The fact that RedDelta returned to targeting the same organizations within a matter of days shows a brazenness that’s typically associated with nation state or state-sponsored Advanced Persistent Threats. However, many APTs wouldn’t take the step of reusing exposed infrastructure.

“You see a contrast there with other groups, even in China. Other actors will be publicly outed and burn down their infrastructure,” said the analyst. “It really contrasts with what you see here — it’s a different style.”

The initial report published by Recorded Future in late July detailed efforts RedDelta took to penetrate the study mission in Hong Kong and other Catholic organizations. In one attack, malware was hidden inside a document that appeared to come from the Vatican to Msgr. Javier Corona Herrera, the chaplain who heads the study mission. The malware, PlugX, gave the attackers access to parts of the organization’s computer network.
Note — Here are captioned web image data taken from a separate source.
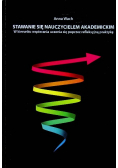 Stawanie się nauczycielem akademickim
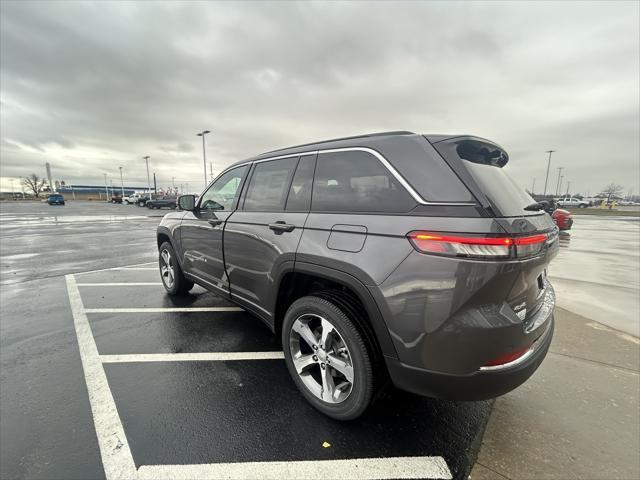 new 2025 Jeep Grand Cherokee car, priced at $57,135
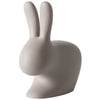 Qeeboo Bunny Chair By Stefano Giovannoni, Dove Grey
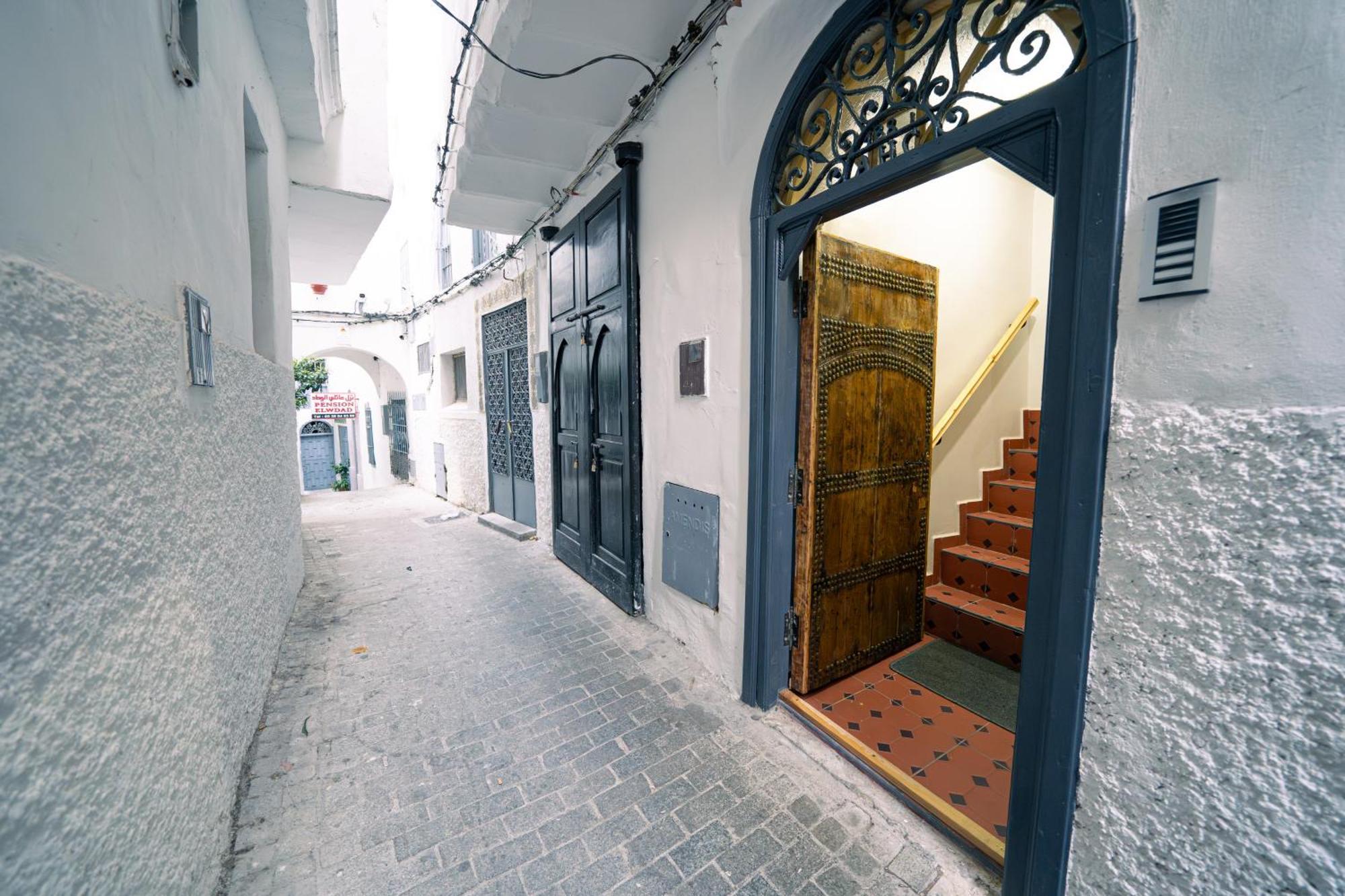 Dar Sekka Hotel Tangier Exterior photo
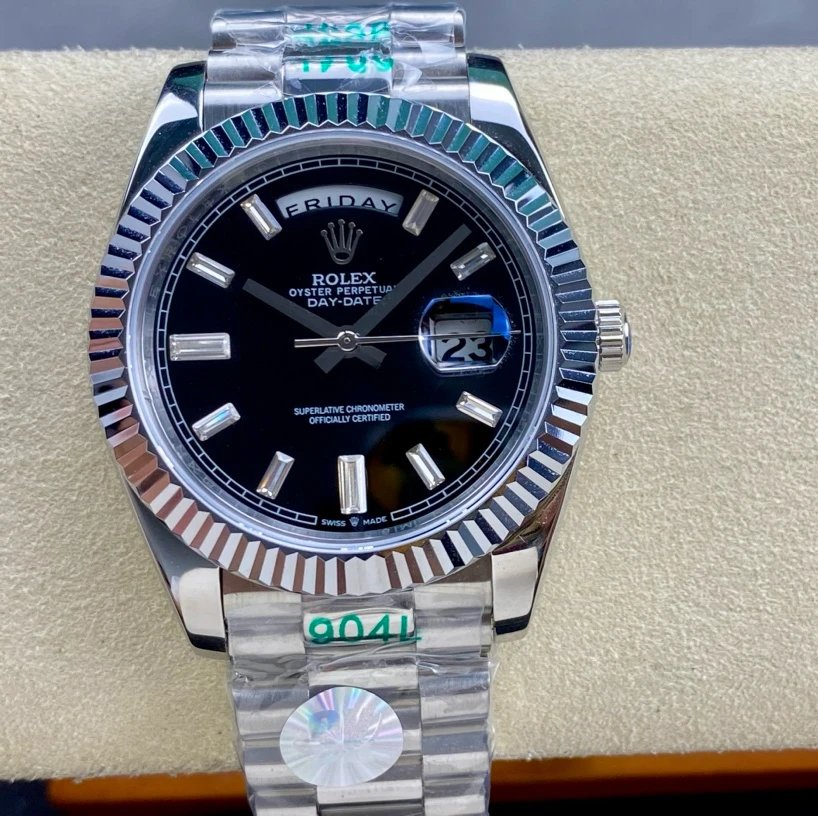 Rolex Day-Date and Datejust — 11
The findings came just weeks before the Vatican and Beijing started talks over the appointment of bishops and other matters as part of a renewal of a 2018 provisional agreement.

Last week, a spokesman for China’s foreign ministry said the interim agreement between the Vatican and China had been “implemented successfully.” Recorded Future said it shared its findings with the Vatican and Catholic Diocese of Hong Kong.

It’s not surprising that Beijing would be interested in monitoring the Catholic Church’s private communications. The two severed diplomatic ties in 1951, and in recent years the Chinese Communist Party has made it a priority to “sinicize” religions in the country. Chinese authorities have used an arsenal of surveillance tools to gather information on a variety of religious organizations, including Buddhist Tibetans and Muslin Uighurs.

In the report released today, Recorded Future said it has found new activity attributed to RedDelta involving decoy documents themed around Catholicism, Tibet-Ladakh relations, the United Nations, and additional network intrusion activity targeting Myanmar government systems. Once the documents are downloaded, an encrypted PlugX malware payload is delivered to the victim.

Those attacks mirror the ones previously identified by Recorded Future in the type of malware used and the style of spear phishing. Other religious and political organizations that find themselves within one of Beijing’s strategic priorities should be on alert for similar attacks, and should not expect RedDelta to slow its efforts anytime soon, according to the threat intel analyst.

“We in the cybersecurity industry have the APT — or Advanced Persistent Threat — acronym. This is the “Persistence” we’re seeing,” the analyst said.